> THE TASK: Repeat the span of the entries below that starts at the line with "Lovable Mutts Adoption" and ends at the line with "庭を天然芝から「人工芝」へ張替えに挑戦!～丁寧な暮らしを楽しむ木の家つくり | Sumai", nothing more. Skip the pictures.
* * *
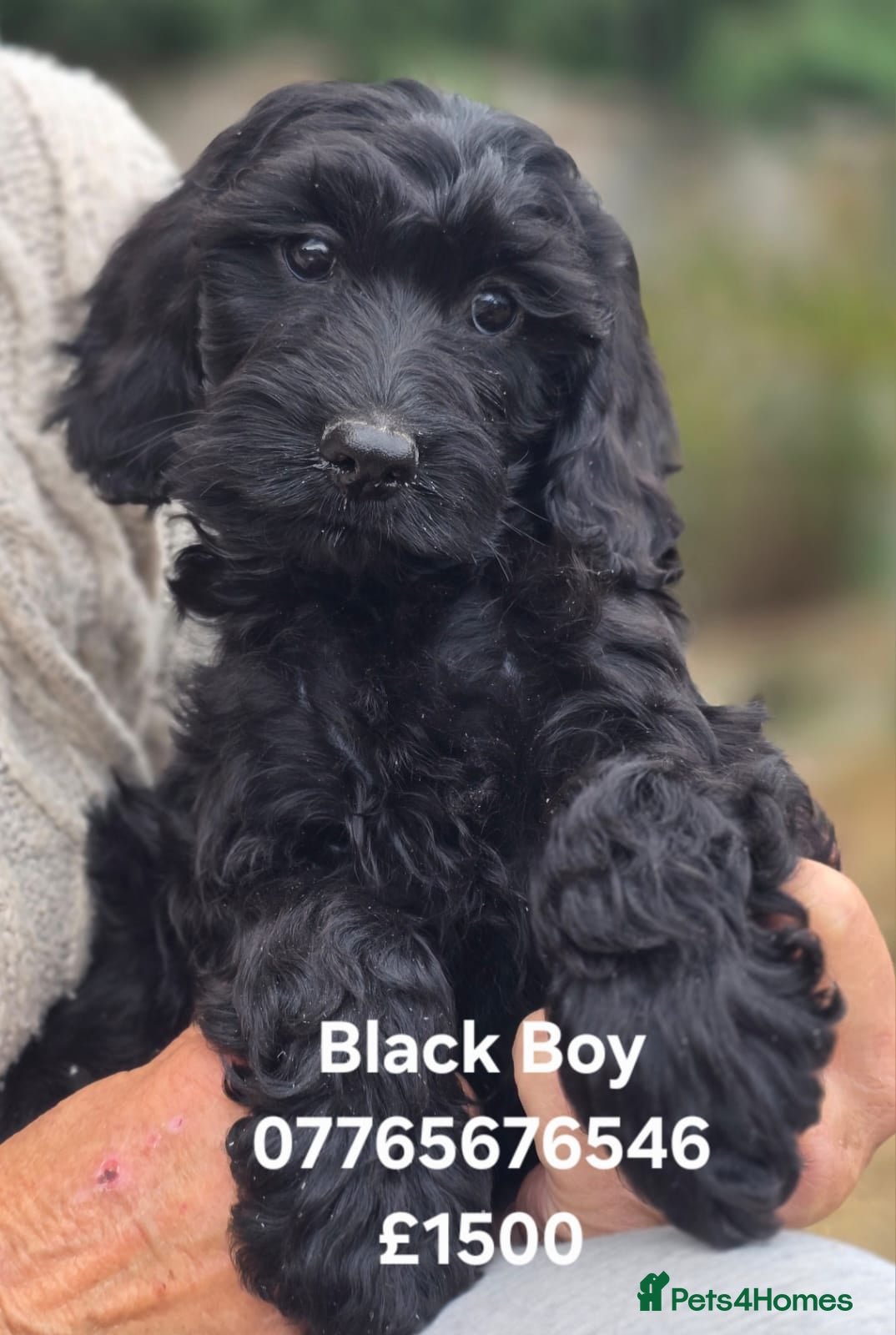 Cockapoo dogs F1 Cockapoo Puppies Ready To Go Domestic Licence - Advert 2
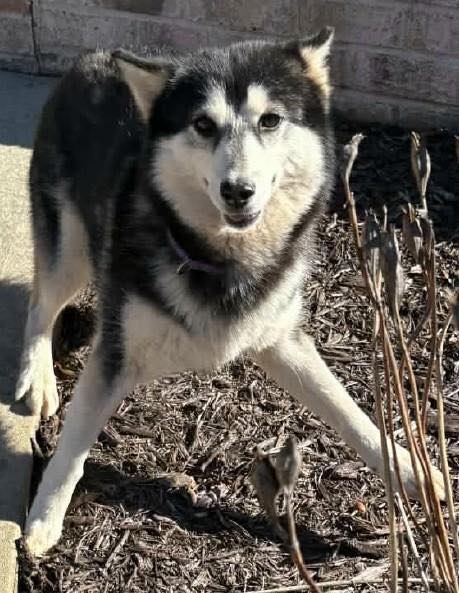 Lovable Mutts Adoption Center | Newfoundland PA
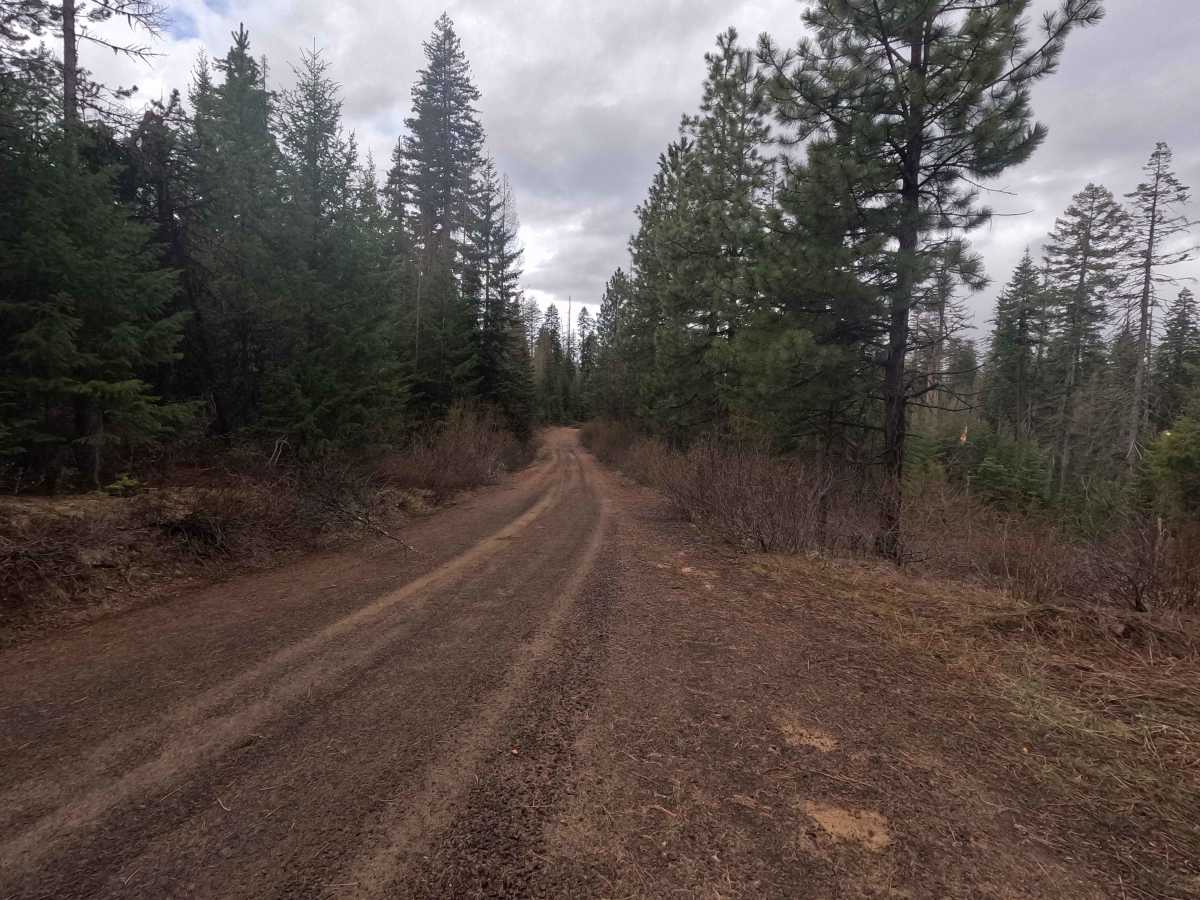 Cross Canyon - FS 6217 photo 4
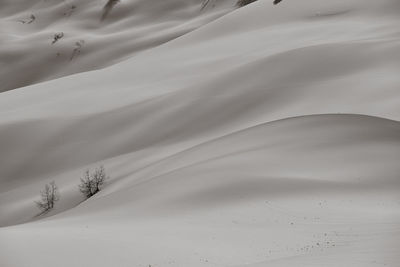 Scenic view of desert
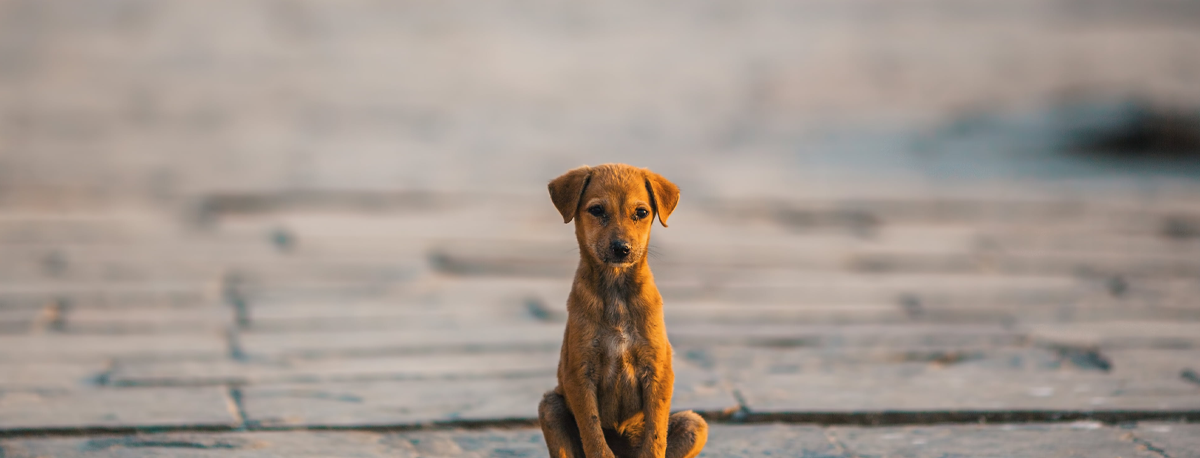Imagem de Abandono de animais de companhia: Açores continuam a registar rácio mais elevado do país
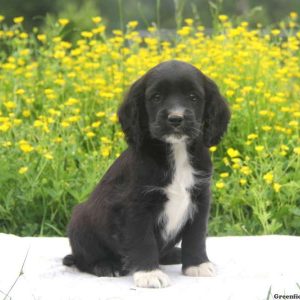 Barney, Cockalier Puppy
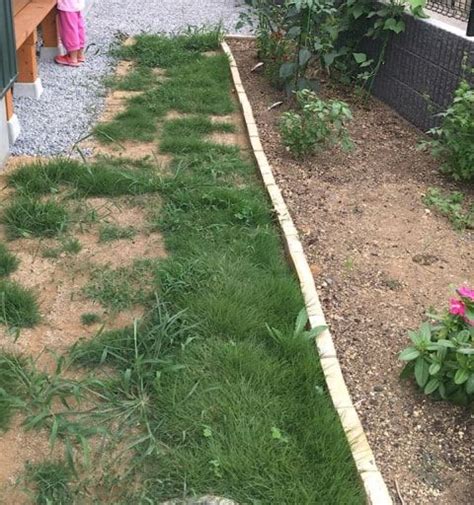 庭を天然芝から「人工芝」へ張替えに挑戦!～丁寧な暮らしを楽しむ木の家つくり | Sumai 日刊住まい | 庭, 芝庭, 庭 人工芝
* * *
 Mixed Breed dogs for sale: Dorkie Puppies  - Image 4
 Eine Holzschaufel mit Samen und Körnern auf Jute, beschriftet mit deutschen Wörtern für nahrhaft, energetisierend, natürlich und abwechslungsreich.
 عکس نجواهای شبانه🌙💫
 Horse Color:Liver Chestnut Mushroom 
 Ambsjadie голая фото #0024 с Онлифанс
* * *
> SOLVED PROBLEM:
 Lovable Mutts Adoption Center | Newfoundland PA
 Cross Canyon - FS 6217 photo 4
 Scenic view of desert
Imagem de Abandono de animais de companhia: Açores continuam a registar rácio mais elevado do país
 Barney, Cockalier Puppy
 庭を天然芝から「人工芝」へ張替えに挑戦!～丁寧な暮らしを楽しむ木の家つくり | Sumai 日刊住まい | 庭, 芝庭, 庭 人工芝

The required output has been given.